Artigas se había retirado a Paraguay, presa del desaliento provocado en su alma sincera y leal por las persecuciones constantes de que había sido objeto y por el desconocimiento de la desinteresada elevación de sus propósitos.

Alejado él, los portugueses pudieron, sin mayores esfuerzos, posesionarse tranquilamente de lo que se llamaba entonces la Banda Oriental.

Emigrados en su mayoría en Buenos Aires, los elementos constitutivos de las falanges artiguistas, en un ambiente popular que podía considerarse como el suyo propio, pues eran descendientes de una misma raza, vagaban inactivos por las calles, buscaban los centros comerciales amigos, uruguayos o bonaerenses, y allí se reunían a conversar de la patria ausente, del invasor que en ella dominaba, de la manera de combatirlo y vencerlo, tratando de reunir hombres, armas y dinero para la empresa, y dando esto origen a los más descabellados planes de invasión.

Un día, al fin, después de numerosas tentativas, se convino en el misterio un plan inaudito, cual era invadir a la Banda Oriental con un grupo de hombres casi sin armas, con escasísimos recursos de otro género, y con discutidas o problemáticas connivencias dentro del país.

El jefe de ese grupo de hombres era don Juan Antonio Lavalleja, hijo del departamento de Minas, valiente oficial de Artigas en sus primeras campañas y a quien aceptaban todos para dirigir la empresa.

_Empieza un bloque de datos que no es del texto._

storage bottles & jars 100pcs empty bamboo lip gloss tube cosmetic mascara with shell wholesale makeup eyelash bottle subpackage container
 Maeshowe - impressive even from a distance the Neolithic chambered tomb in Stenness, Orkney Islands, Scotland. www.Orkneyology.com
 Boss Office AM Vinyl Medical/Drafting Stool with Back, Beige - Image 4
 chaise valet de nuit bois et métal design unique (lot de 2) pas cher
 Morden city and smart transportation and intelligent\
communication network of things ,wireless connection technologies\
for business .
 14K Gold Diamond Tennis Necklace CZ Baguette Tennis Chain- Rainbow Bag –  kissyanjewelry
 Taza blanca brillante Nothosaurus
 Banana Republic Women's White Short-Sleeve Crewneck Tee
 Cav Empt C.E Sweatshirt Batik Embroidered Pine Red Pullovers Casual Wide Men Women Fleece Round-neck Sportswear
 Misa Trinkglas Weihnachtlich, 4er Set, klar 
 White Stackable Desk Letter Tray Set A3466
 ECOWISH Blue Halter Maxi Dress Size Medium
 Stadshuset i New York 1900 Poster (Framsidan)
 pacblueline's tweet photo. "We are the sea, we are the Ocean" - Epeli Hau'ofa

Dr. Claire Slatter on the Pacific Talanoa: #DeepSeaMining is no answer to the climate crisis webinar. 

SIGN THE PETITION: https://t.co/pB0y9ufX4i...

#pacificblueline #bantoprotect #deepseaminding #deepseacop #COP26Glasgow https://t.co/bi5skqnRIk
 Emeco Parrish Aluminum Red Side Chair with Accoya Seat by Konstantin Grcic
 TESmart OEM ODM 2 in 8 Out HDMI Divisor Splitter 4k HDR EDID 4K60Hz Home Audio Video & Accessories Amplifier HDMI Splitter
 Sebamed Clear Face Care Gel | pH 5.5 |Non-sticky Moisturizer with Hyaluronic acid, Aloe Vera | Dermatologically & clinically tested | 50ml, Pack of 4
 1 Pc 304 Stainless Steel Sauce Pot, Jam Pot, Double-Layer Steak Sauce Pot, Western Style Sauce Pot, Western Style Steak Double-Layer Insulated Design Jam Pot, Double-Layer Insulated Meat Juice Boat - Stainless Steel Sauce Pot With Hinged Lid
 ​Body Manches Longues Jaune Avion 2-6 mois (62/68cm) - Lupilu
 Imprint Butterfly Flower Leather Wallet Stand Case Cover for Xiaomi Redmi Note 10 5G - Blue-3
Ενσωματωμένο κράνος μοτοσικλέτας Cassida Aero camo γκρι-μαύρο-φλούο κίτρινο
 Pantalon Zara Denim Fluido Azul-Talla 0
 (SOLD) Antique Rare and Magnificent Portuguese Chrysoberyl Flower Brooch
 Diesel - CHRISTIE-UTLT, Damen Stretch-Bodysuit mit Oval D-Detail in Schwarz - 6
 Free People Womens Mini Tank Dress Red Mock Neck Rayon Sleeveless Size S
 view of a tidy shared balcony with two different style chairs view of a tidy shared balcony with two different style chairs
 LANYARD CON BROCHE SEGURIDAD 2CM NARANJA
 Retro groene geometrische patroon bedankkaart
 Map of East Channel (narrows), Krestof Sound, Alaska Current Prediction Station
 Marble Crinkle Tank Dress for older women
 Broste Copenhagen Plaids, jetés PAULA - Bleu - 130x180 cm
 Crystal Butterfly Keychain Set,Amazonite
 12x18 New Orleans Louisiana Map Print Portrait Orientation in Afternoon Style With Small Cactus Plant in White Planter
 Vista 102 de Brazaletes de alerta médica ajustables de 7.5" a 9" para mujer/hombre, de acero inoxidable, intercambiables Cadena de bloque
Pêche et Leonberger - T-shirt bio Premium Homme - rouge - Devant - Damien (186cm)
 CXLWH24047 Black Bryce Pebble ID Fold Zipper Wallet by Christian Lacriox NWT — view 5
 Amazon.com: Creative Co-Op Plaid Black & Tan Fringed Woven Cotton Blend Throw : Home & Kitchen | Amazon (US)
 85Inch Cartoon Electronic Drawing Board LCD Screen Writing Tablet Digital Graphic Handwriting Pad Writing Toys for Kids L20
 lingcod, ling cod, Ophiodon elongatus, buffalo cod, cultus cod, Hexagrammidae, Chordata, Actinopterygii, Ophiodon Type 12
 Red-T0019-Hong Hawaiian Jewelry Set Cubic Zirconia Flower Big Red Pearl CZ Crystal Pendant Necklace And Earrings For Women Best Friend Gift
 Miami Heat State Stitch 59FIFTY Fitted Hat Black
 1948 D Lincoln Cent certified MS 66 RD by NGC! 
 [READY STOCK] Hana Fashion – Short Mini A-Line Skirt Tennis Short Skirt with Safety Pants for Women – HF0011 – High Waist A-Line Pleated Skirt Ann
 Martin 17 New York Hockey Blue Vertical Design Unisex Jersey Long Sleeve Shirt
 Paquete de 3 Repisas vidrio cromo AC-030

Se lanzaron al azar, cruzaron el río y pisaron la playa de la Agraciada, donde, bajo aquel cielo que era el suyo, en aquel suelo que era su suelo, juraron rescatar aquel territorio o morir en !a demanda.

Independencia o muerte era su divisa, que no representaba una vana promesa, sino una firme convicción, la consagración de una locura por la suprema abnegación y el heroísmo.

Aquel grupo de treinta y tres hombres realizó una cruzada admirable; eran rasgos de leyenda, milicias ardorosas que se lanzaban contra tropas disciplinadas, a las que vencían; caballerías campesinas que se derrumbaban sobre los cañones a cuyos servidores pretendían acuchillar, o sobre cuadros formidables de infantería que se proponían romper, y que rompían muriendo.

Esa cruzada, que desde su iniciación estuvo henchida de rasgos de epopeya, grabó en la historia de Uruguay combates como los de Sarandí y Rincón; y finalmente, allá en Florida, sobre la Piedra Alta, provocó aquel acto valiente del 25 de agosto de 1825, que rompió todos los vínculos del vasallaje y creó así el primer gobierno propio, confiado a don Joaquín Suárez.

En esa epopeya Lavalleja fue siempre el guerrillero ardoroso que marchó al frente llevando a la victoria sus legiones, audaz, valiente, con un profundo amor al suelo natal.